Supplied entries: Begin

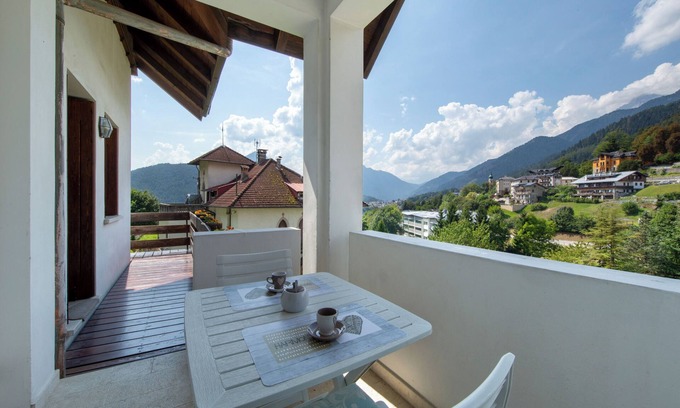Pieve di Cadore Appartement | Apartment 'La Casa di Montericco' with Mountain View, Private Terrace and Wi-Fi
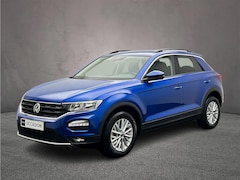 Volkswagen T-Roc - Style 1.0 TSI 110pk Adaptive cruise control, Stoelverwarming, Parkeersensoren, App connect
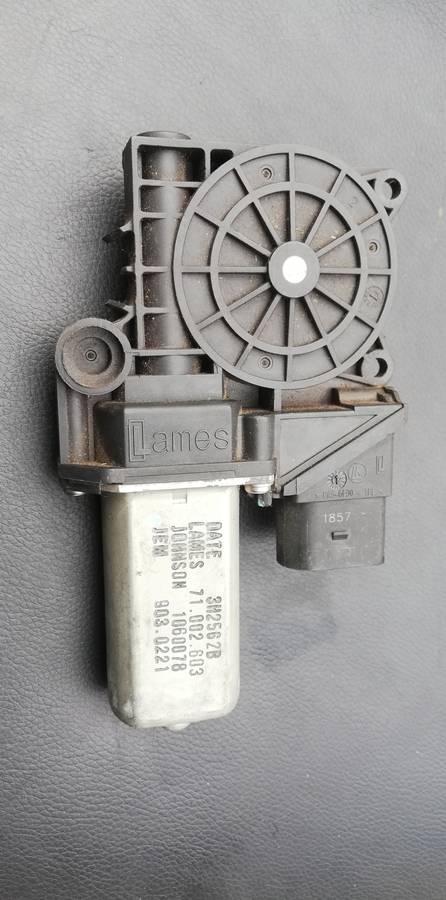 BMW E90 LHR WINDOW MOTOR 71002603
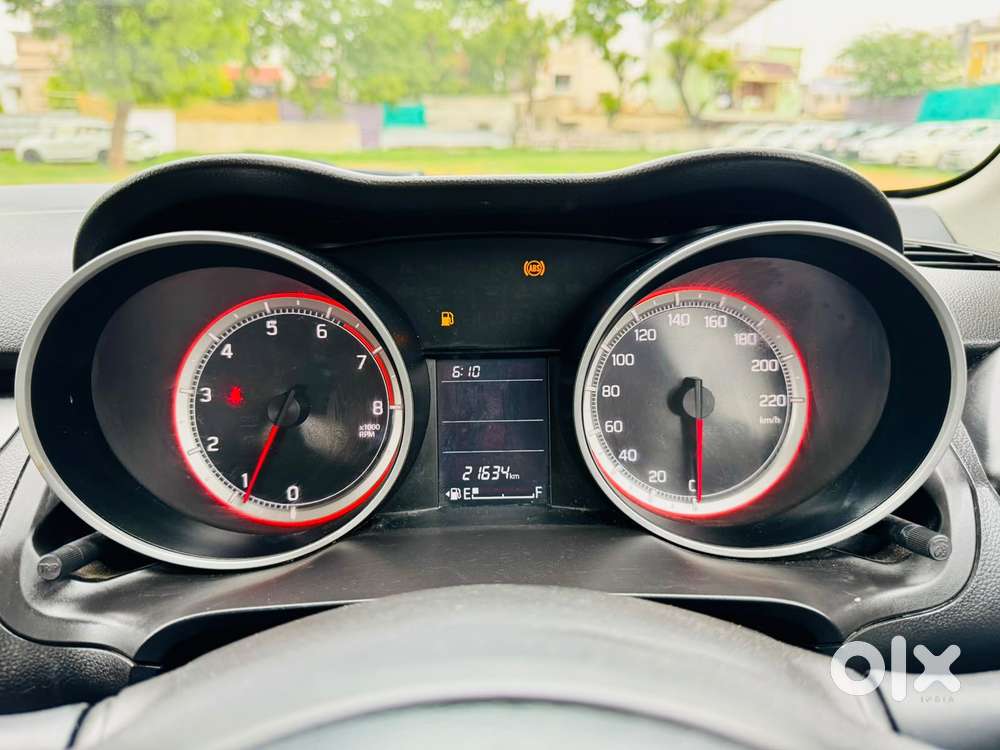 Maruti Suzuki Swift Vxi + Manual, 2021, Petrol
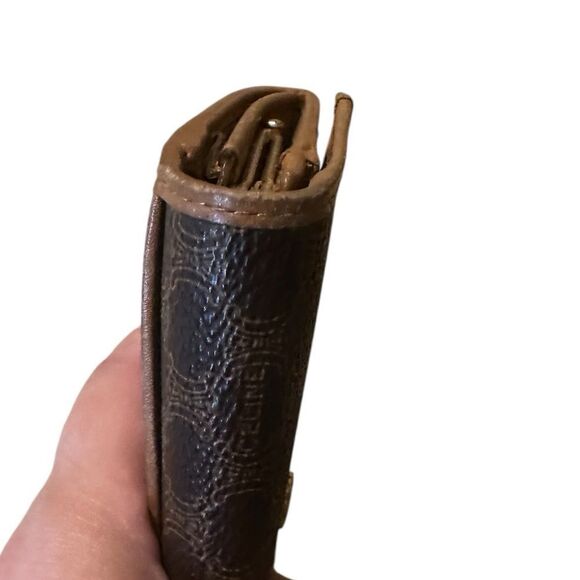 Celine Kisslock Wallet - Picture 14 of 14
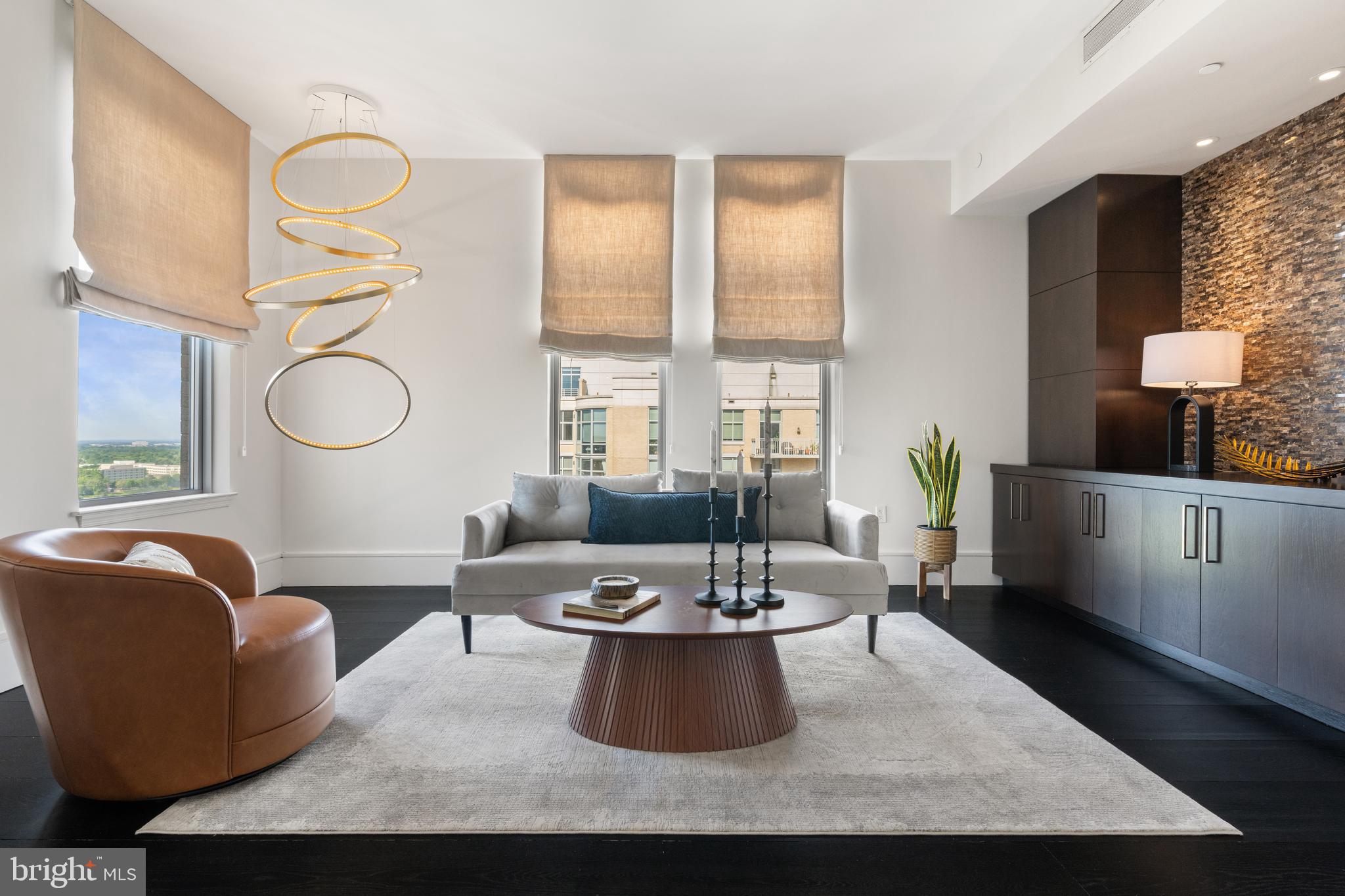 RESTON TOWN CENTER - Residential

Supplied entries: End
Supplied entries: Begin

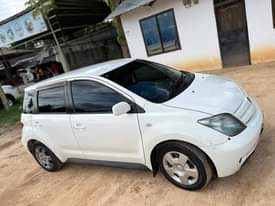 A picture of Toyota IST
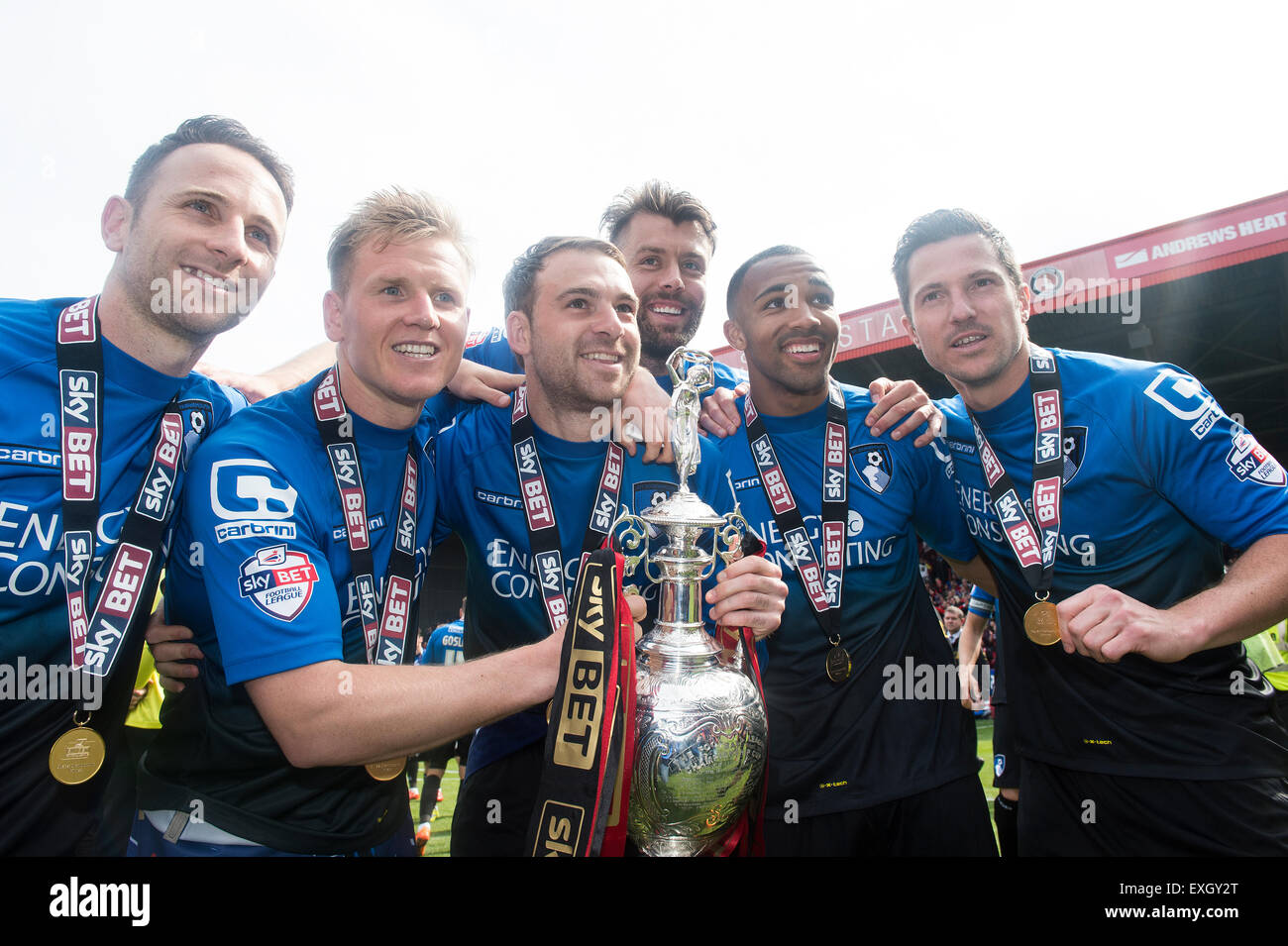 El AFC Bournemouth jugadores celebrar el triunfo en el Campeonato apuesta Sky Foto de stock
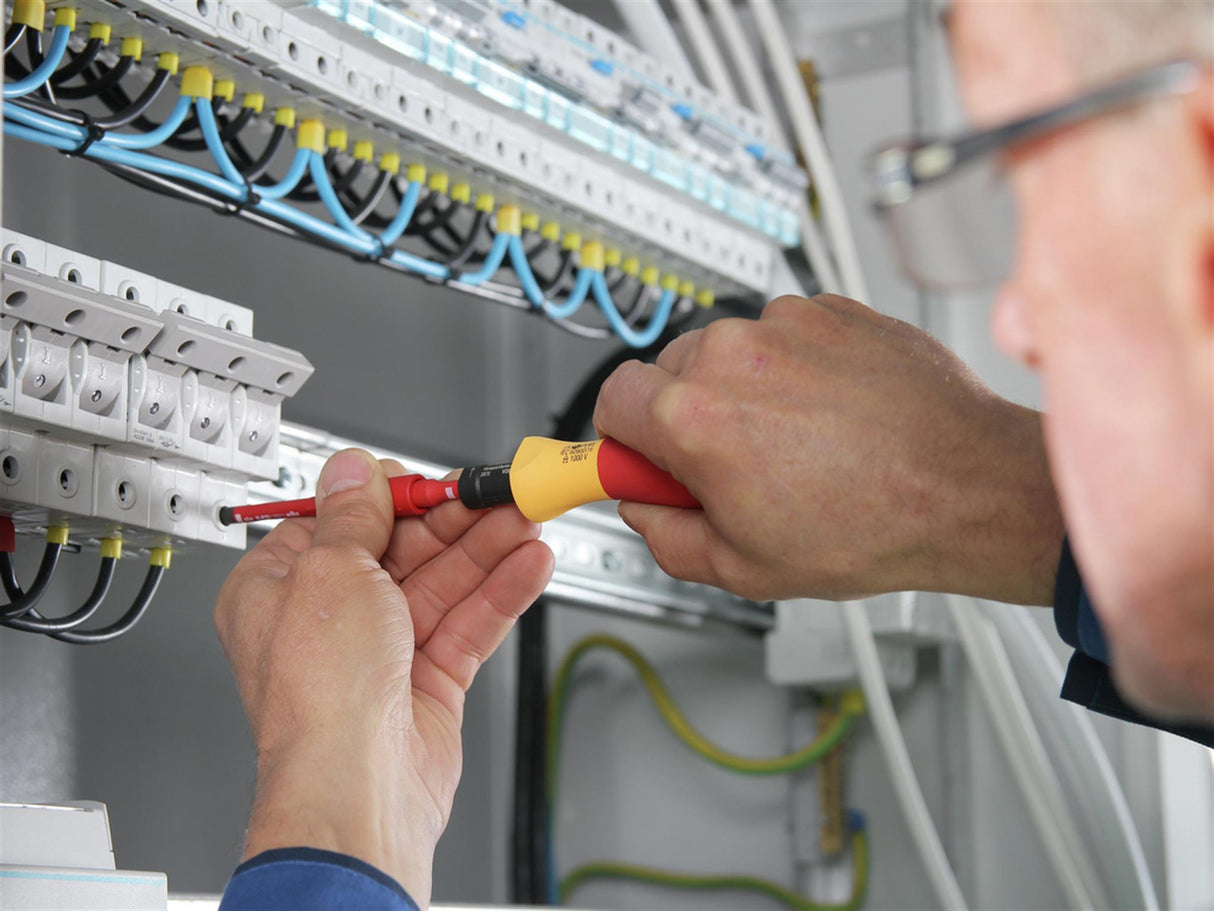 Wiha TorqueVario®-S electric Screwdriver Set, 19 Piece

Supplied entries: End

What you will do =>
Going back to the data above, write out everything from the line with "Volkswagen T-Roc - Style" down to the line with "RESTON TOWN CENTER - Residential", both included, leaving every picture out.

Response below =>
 Volkswagen T-Roc - Style 1.0 TSI 110pk Adaptive cruise control, Stoelverwarming, Parkeersensoren, App connect
 BMW E90 LHR WINDOW MOTOR 71002603
 Maruti Suzuki Swift Vxi + Manual, 2021, Petrol
 Celine Kisslock Wallet - Picture 14 of 14
 RESTON TOWN CENTER - Residential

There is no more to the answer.